= James W. Kemp =

James W. Kemp (born c. 1955; died September 7, 2006) was a United Methodist pastor and author from Lexington, Kentucky. He is best known for his book The Gospel According to Dr. Seuss.

==Education and career==
Kemp grew up in Lexington and attended Duke Divinity School. He served as a minister for 15 years before retiring in 1996 due to multiple sclerosis. He became paraplegic, and his speech declined to the point where his mother took dictation for his books, and his wife interpreted for him during interviews.

==Writing==
His first book was Who Says I'm Dead? and details his struggles with multiple sclerosis, particularly an incident in 2000 when the federal government mistakenly believed he had died. The second was a book of ideas for children's sermons.
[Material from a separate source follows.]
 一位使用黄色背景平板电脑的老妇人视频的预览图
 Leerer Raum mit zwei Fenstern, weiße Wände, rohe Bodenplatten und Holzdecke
While serving as a minister he had often used Seuss stories as illustrations for his sermons, and those sermons were the inspiration for his third book, The Gospel According to Dr. Seuss. He said Theodor S. Geisel (aka Dr. Seuss) had always been his favorite theologian, and his favorite theological book was Horton Hatches the Egg.

The "short, clever new book" has 13 chapters about characters like Sam I Am, Yertle the Turtle, King Derwin of Didd, and the Grinch. In each chapter he summarizes a Seuss story, draws a moral from it, and links the story to Biblical passages or characters.

The book was released in January 2004; by March a second printing had been ordered, and Barnes & Noble featured it as part of a national celebration of Geisel's birthday.

==Death==
He died September 7, 2006, after living with multiple sclerosis for 20 years. Just before his death he told his family and friends that he wanted them to "put the fun back into funeral" for his memorial service.